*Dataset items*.
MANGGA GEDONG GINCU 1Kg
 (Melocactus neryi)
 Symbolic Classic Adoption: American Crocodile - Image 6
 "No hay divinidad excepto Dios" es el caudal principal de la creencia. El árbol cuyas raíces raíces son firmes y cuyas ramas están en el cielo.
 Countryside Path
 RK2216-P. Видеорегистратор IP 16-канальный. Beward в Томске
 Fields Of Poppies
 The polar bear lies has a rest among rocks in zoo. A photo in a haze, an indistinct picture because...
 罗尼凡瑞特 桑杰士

*Your assignment*.
Retype exactly, and only, the lines from the line holding "RK2216-P. Видеорегистратор IP" through the last line of the data; both of those lines count.

*Finished task*.
 RK2216-P. Видеорегистратор IP 16-канальный. Beward в Томске
 Fields Of Poppies
 The polar bear lies has a rest among rocks in zoo. A photo in a haze, an indistinct picture because...
 罗尼凡瑞特 桑杰士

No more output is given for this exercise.